Touch of Evil / Hatari! (10:3)

For this issue I have decided to spotlight two seminal soundtracks by the late, great Henry Mancini.  In the late fifties / early sixties, he was The Man for creating hip, melodic, popular film soundtracks.  Weaned on Universal product throughout the ’50s under the tutelage of Hans Salter and Herman Stein, Mancini wrote or contributed to the scores for and orchestrated dozens of films during that time, mostly uncredited. His big band experience proved invaluable and his penchant for big band jazz landed him the gig for scoring TV’s “Peter Gunn” and Orson Welles’ film Touch of Evil (1958).

 

 

Had Touch of Evil been a prestigious project, Mancini would in all likelihood not have received the assignment.  But as Orson Welles took over and turned a B-movie into a minor masterpiece, Mancini rose to the challenge, contributing a moody, jazzy score that enhances the action as surely as Welles’ direction improves the film.  Mancini’s score is Elmer Bernstein-like, but with more melody and reliance on rhythm and syncopation.  A preponderance of bongo drums and brass is heard early and often, yet they do not overshadow the score’s more nuanced passages.

The “Main Title” begins darkly, then moves into a sweeter sound with trumpets, saxophones and bongos mixing melody, harmony and a noirish atmosphere while we wait for the bomb that was planted in the car at the beginning of the most famous extended shot in cinema history to explode.  “Borderline Montuna” is the opposite; it starts sweetly and then bursts into jazz fusion with a galloping trumpet solo and an intense climax.

 

 

Welles dictated that Mancini’s music should sound as if it was coming from radios and other sources, so the score offers several “Afro-Cuban rhythm numbers,” as the director referred to them.  Using electric guitars and a minimum of instruments, Mancini turned tracks like “Strollin’ Blues,” “Orson Around,” “Rock Me to Sleep,” “The Big Drag,” “Ku Ku,” “Son of Raunchy” and “Bar Room Rock” into numbers you might hear at a jazz-oriented sock hop.  “Lease Breaker” is a bit more ambitious but in the same vein.  However, other cuts like “Flashing Nuisance,” “The Boss,” “Something for Susan” and “The Chase” continue to emphasize the danger that awaits cop Charlton Heston as he investigates corruption on the Mexican side of the border.

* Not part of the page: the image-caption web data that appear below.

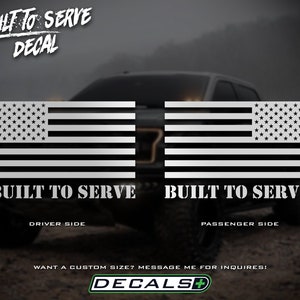 May include: A pair of white and black American flag decals. Each decal has the text "BUILT TO SERVE" and is labeled "DRIVER SIDE" and "PASSENGER SIDE". The decals are designed for vehicles.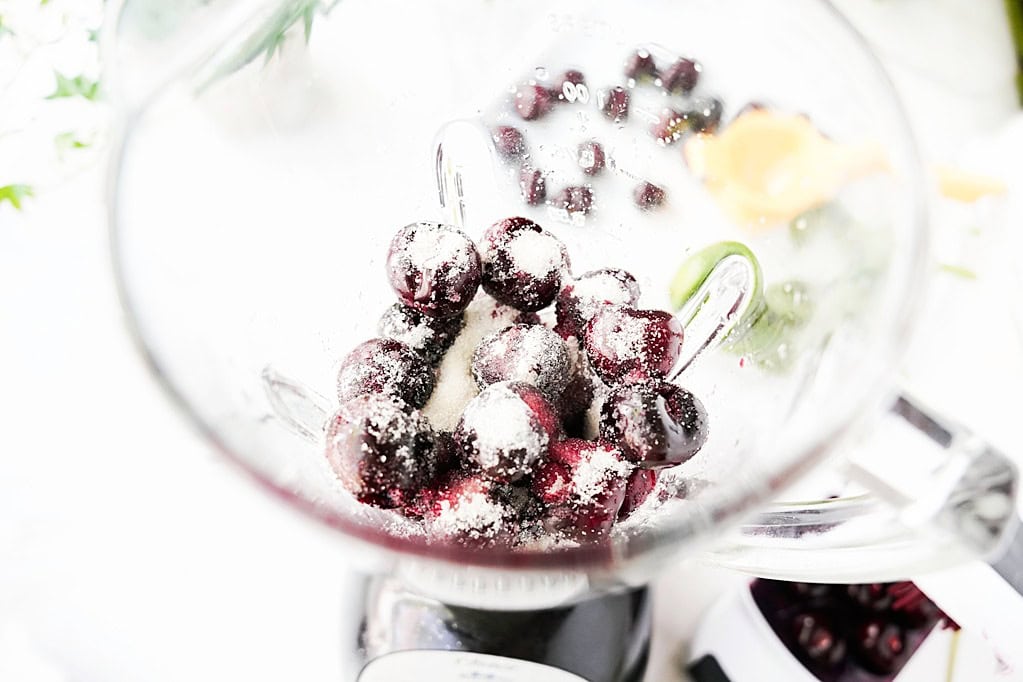 Fresh cherries and sugar in a blender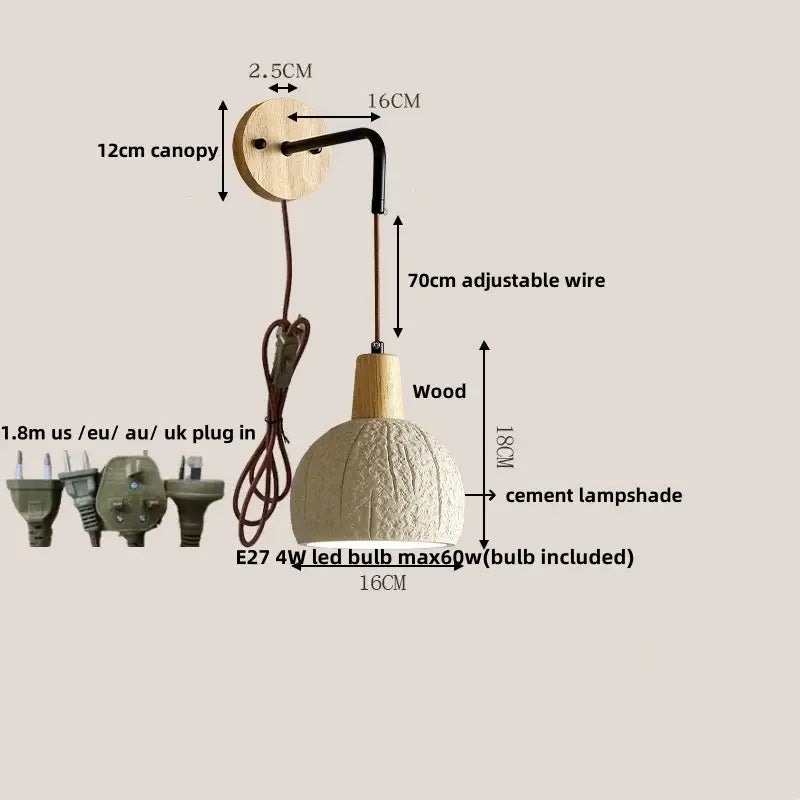 Rustic wood and gray wall light fixture with off-white cement shade, wooden canopy and stem, and adjustable black wire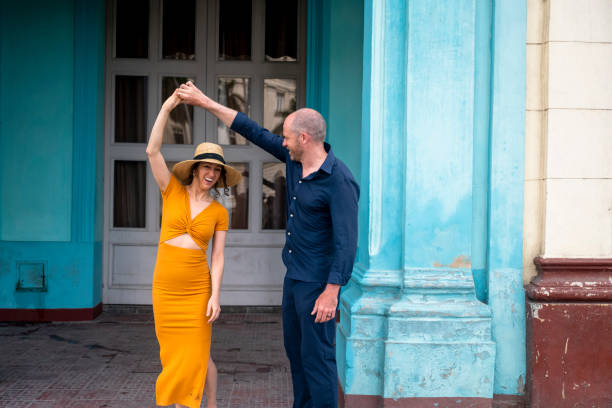 Tourist couple dancing in Old Havana Travellers in Havana, Cuba. Things to do in Havana. Cuban culture and travel. cuba travel stock pictures, royalty-free photos & images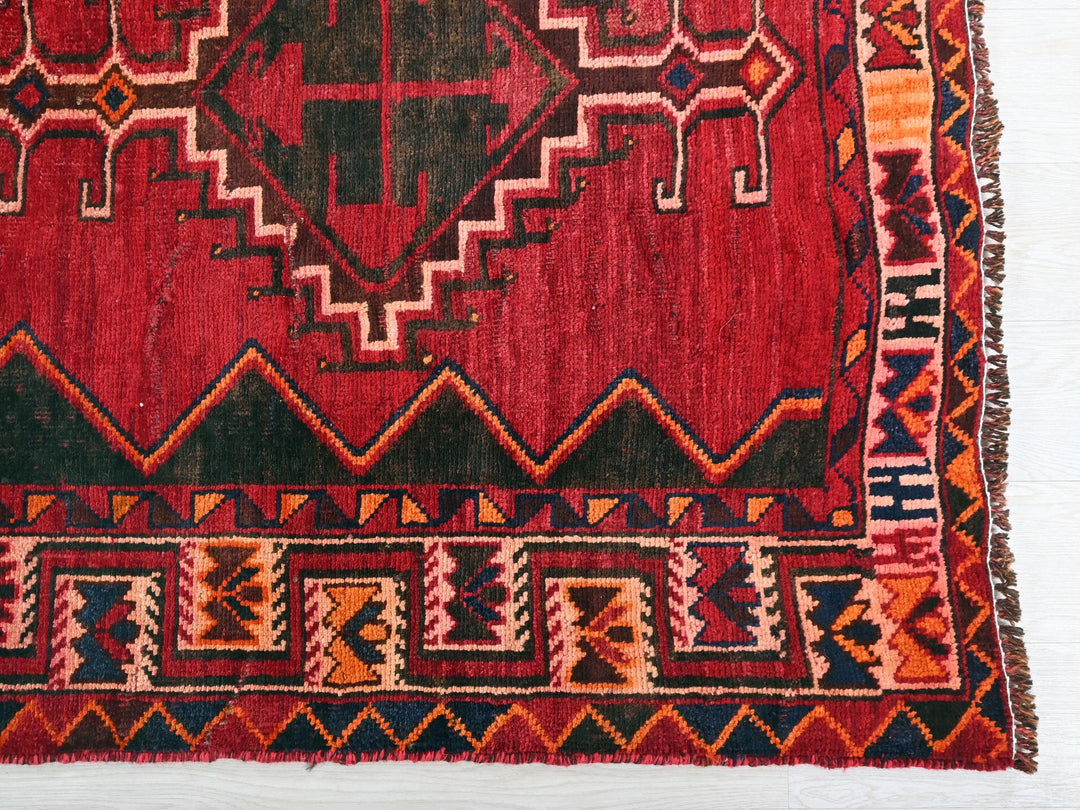 a red rug with a design on it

Two tracks are really striking.  “Background to Murder” is a seven-minute recap, extrapolation and reconstruction of the main theme with a gradual crescendo that evolves into a semi-discordant, free-form fulmination of sound as it accompanies the murder of Joe Grandi (Akim Tamiroff) in a darkened bedroom.  The other is my favorite cut of the album: a slow, smooth ballad called “Susan,” with a bouncy bass line and with a melody played skillfully on piano, xylophone and guitar.  The more I hear this track, the more I like it.  But that’s true of the entire album, a Mancini classic.

 

 

More mainstream is Mancini’s largely comic score to Hatari! (1962), a largely comic movie.  One track in particular, “Baby Elephant Walk,” with its catchy melody and unusual instrumentation (clarinets and flutes to represent the elephants) was a worldwide hit and remains one of Mancini’s most recognizable musical motifs.  Just about as catchy and enjoyable is “Your Father’s Feathers,” played while John Wayne, Hardy Kruger, Red Buttons and company chase some ostriches around their African camp.  Other cuts such as “Big Band Bwana” and “Crocodile, Go Home!” prove that nobody was as adept at moving between and combining easy listening sounds, jazz riffs and big band orchestrations as Henry Mancini.  Ever.

I love the movie Hatari! and a prime factor is its music.  Aside from the brilliant, unforgettable “Baby Elephant Walk,” my favorite cuts are not, however, from the comic side of the film.  The main “Theme from Hatari!” and “The Sounds of Hatari!” are the tracks I love the most, especially the latter.  The main theme is somewhat sad yet exhilarating, promising adventure and excitement.  “The Sounds of Hatari!” is almost entirely percussion for a while, adding rhythmic bass notes on beats 5 and 8 of the measure and gradually increasing the tempo until the drumming sounds like a herd of wild animals charging at the speakers.  It’s just what the movie calls for, which is the sound that great composers deliver.  Henry Mancini was a master. (10:3).